Greek crisis is Greece’s responsibility – lawyer

29 Jun, 2011 18:53 / Updated 13 years ago

A Berlin-based lawyer and professor, Markus Kerber, explains that the European Union should not have provided Greece with any credits or bailouts in the first place, saying that such steps have no legal grounds.

“We have a bailout prohibition in the European Union Treaty [the Treaty on the Functioning of the European Union], Article 125, which expressly says that we have a monetary union, and a monetary union without collective financial or fiscal solidarity,” he told RT. “There is only solidarity in case of natural catastrophe, like earthquakes. The Greek crisis is no earthquake, it’s a governance problem. It’s generated by Greece and it’s Greece’s responsibility.”In his opinion, the reason why other EU players are attempting to save the Greek economy is panic. As people believe that the Greek crisis may be contagious to more developed economies, like the French or German, politicians become afraid, and people who are afraid take unreasonable decisions, like providing Greece with generous credits.

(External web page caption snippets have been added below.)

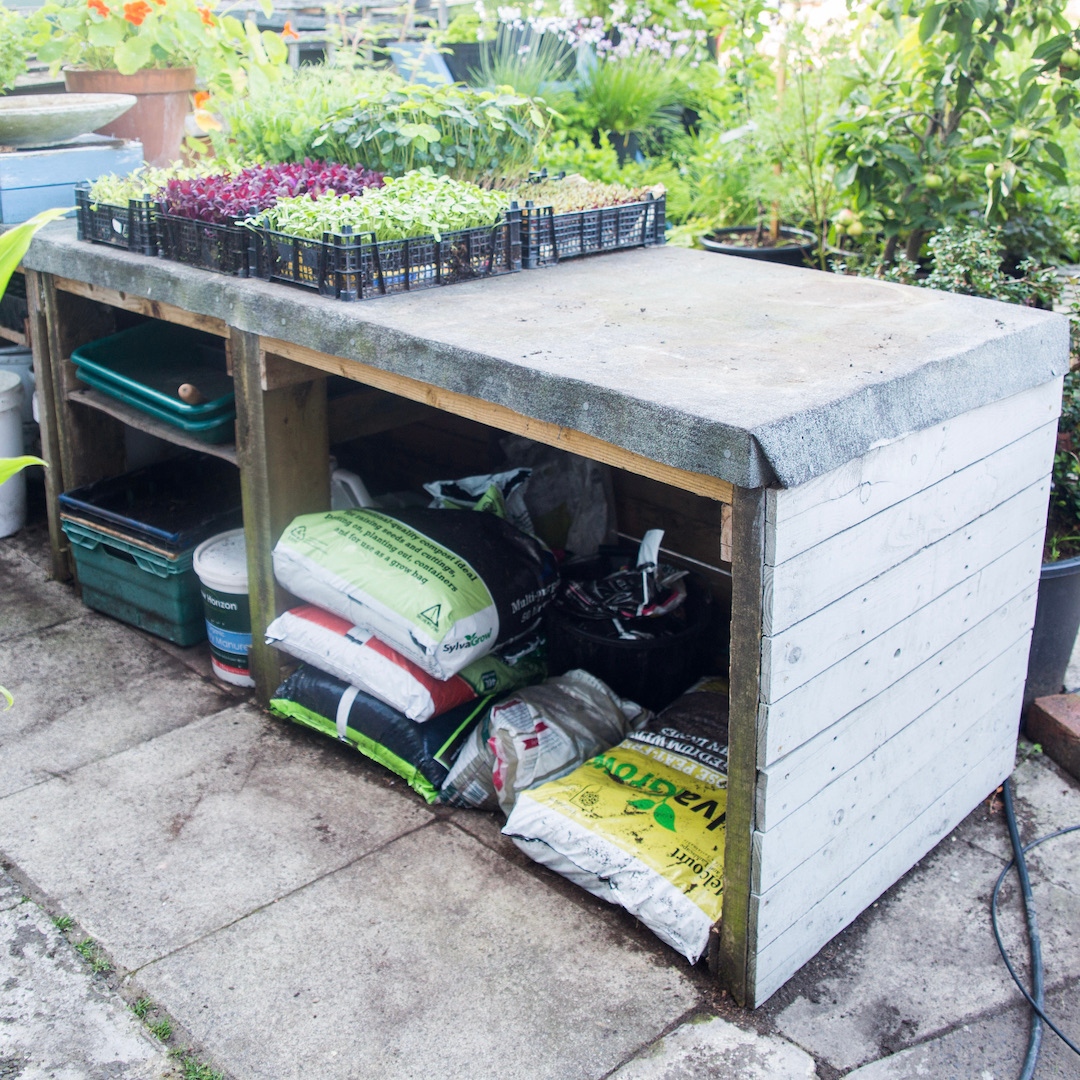 Lack of both growing and storage space is a common challenge. Sometimes both can be addressed by a simple structure. 

Here's one I made. The top is a potting bench, and a microgreen growing area. Underneath there is storage for bags of compost and empty pots.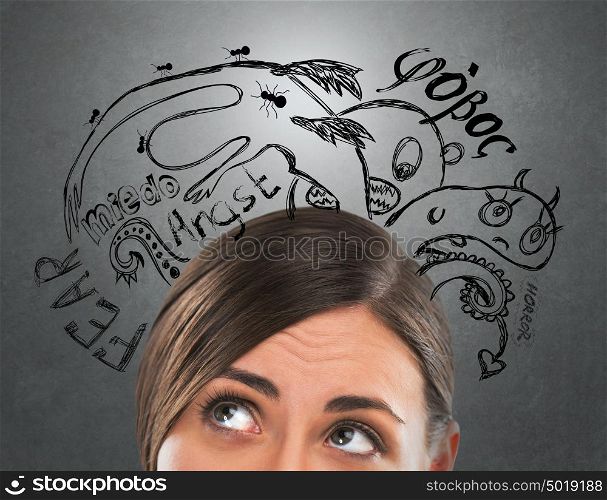 Young business woman thinking of her fearsand doubts closeup face portrait and sketches overhead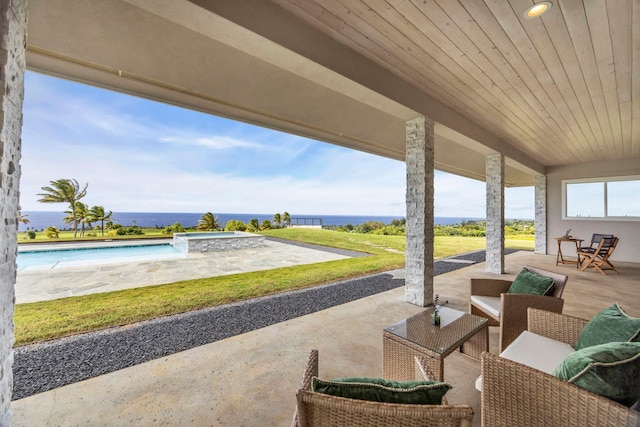 500 Kai Huki Cir Unit B, Haiku, HI 96708 - view of patio featuring an outdoor pool, a water view, and an in-ground hot tub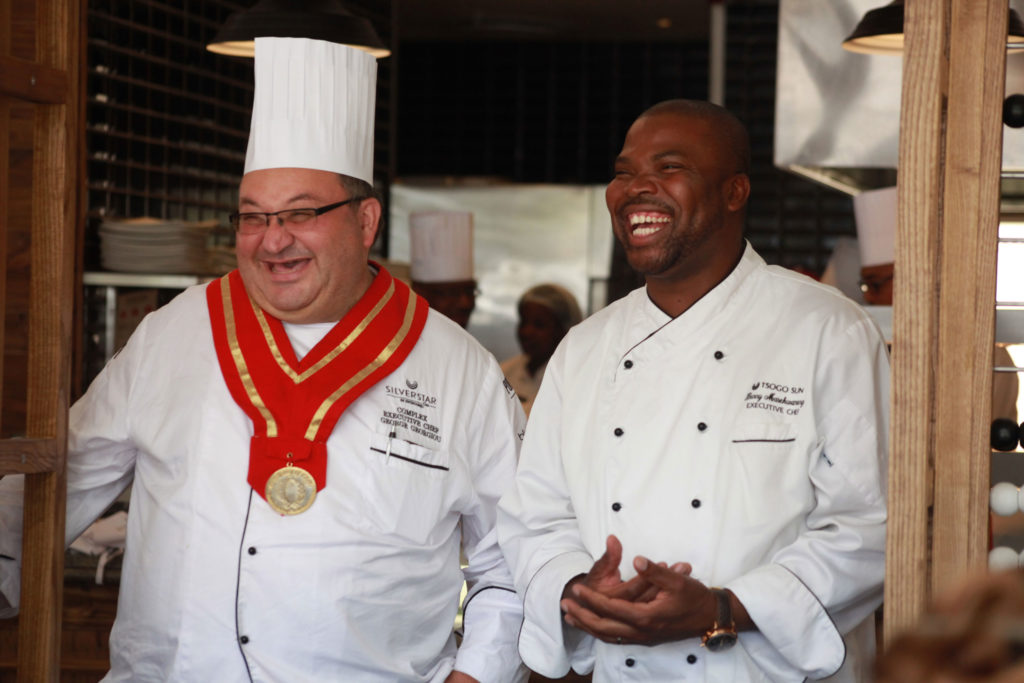 Chef Benny laughing alongside another chef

In fact, Kerber continued, leaving Greece to deal with its own crisis by itself would not pose any danger to the eurozone.“Let’s focus on sober facts. Greece represents about 1.2 per cent of the Gross National Product of the European community. This is really peanuts, I say this with great respect but, economically speaking, it is not an important country,” Markus Kerber concluded.Deutsche Welle journalist Simon Young, referring to the official reaction from Berlin, disagrees, saying that not only was the bailout necessary to save Greece’s economy, it was also crucial for the stability of the entire eurozone.“Chancellor Merkel said today that this was really a very good piece of news [that the Greek parliament had voted for massive new austerity cuts]. And of course the German government continues to focus on trying to avoid a Greek default,” he told RT. “They see that as the main danger here. Chancellor Merkel said that if the Greeks were to default on [their] debt, that would throw the whole eurozone into chaos, and it would unleash a crisis worse than the collapse of Lehman Brothers.”